欧州 インテル、STマイクロがすでに動いている。
韓国 サムスン電子は相変わらず果敢な大型投資を進める姿勢だ。これにマイクロンへの事業売却を取りやめたハイニックスが加わる。
台湾 TSMCの投資計画は巨大だ。UMCも、海外展開も加え、積極姿勢は変わっていない。これに加えて、ウィンボンド、パワーチップ、PROMOS、南亜テクノロジー等、計画乱立状態だ。中国への移転もあるが、文字通りなら、1兆5000億円〜2兆円になる。
シンガポール UMC(IBM、インフィニオン)、チャータードの計画がある。大きな計画だから、紆余曲折はあるだろうが、8000億円レベルになりそうだ。

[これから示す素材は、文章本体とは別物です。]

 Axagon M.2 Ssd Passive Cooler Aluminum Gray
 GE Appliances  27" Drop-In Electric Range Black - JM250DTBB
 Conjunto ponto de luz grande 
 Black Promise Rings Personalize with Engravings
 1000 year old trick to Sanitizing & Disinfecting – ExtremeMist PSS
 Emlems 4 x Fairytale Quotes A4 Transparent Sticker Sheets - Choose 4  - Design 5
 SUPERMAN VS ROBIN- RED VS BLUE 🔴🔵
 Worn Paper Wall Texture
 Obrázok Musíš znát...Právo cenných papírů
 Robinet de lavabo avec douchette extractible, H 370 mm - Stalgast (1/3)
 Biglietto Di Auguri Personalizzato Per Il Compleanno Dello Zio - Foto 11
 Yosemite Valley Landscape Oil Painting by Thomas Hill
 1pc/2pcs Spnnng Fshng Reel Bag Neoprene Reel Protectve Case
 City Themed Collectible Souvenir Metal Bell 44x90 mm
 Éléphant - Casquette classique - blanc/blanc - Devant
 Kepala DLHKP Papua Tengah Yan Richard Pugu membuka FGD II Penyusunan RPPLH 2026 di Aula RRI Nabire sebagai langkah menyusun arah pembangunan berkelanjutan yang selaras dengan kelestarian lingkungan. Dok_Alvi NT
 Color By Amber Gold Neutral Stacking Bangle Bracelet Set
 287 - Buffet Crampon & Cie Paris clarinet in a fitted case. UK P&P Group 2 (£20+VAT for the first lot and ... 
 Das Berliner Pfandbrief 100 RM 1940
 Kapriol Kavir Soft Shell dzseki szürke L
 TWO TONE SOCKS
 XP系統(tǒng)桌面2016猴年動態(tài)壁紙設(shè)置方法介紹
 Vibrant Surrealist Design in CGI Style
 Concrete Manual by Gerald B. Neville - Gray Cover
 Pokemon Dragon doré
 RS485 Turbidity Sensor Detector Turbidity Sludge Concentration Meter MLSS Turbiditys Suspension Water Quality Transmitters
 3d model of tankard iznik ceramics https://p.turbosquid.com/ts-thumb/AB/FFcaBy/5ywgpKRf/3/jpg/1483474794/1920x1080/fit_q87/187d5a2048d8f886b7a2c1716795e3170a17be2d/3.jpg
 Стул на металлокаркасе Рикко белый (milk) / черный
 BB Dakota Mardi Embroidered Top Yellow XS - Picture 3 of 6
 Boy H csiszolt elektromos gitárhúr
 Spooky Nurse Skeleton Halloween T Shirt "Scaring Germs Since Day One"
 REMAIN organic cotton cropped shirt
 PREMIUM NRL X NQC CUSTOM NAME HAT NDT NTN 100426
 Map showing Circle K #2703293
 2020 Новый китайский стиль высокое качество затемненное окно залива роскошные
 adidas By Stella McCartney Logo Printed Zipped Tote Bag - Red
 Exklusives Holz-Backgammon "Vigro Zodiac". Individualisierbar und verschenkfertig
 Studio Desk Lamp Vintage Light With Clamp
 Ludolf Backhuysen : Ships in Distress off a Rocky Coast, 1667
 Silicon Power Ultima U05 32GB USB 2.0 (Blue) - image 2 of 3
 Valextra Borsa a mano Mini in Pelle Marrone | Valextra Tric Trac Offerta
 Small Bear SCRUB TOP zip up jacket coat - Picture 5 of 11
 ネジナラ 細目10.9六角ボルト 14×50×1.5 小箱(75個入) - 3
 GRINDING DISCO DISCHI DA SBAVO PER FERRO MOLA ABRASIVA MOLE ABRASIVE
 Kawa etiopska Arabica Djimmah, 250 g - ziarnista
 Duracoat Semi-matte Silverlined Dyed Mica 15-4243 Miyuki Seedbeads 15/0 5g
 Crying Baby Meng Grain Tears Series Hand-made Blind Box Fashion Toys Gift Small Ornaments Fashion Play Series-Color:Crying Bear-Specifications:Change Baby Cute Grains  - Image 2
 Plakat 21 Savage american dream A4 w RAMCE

 今後、半導体生産の中心を担うのは、米国と台湾だ。中国は不透明だが、台湾企業を中心にすでに進出競争が始まっている。こうしてみると、日本国内投資が一番低調になりそうである。

 90年代初頭に指摘され始めたが、日本工場の生産品の品質が優れているとはいえなくなった。こうなると、コストが嵩む日本立地の魅力は極めて低い。日本のエンジニアの報酬が高いといわれた時代は終わったにもかかわらず、日本人を活用するメリットを語る人もいなくなった。質の高い労働力という観点でも、日本立地の優位性はほとんど無い。巨大なユーザー産業があるといっても、成熟した企業が目立つから、長期的な関係を結ぶために日本に生産拠点を置こうと考える人も稀だ。
 しかも、設計と製造の技術部隊が一緒になって苦闘すれば競争力向上に繋がる大量生産品分野で、日本企業が地位を失なっている。日本企業にとっても、国内大規模工場投資の意義は無くなっているのだ。

 ついに、日本は世界の半導体生産基地ではなくなる。